In the records below, find the line that contains "Dlaczego warto zlecić" and the line that contains "Mercedes E270", then retype exactly those two lines and every line between them.
:: Extracted entries
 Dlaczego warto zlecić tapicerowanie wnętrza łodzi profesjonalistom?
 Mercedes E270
::::
:: Extracted entries
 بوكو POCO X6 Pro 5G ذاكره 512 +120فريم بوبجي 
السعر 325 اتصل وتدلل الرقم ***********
::::
:: Extracted entries
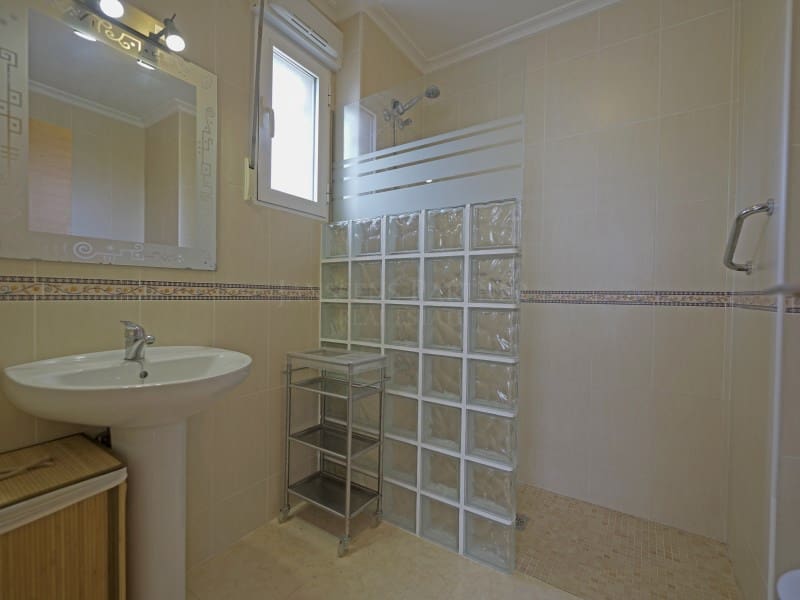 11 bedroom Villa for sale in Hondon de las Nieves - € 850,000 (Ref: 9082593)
::::
# [Answer]
 Dlaczego warto zlecić tapicerowanie wnętrza łodzi profesjonalistom?
 Mercedes E270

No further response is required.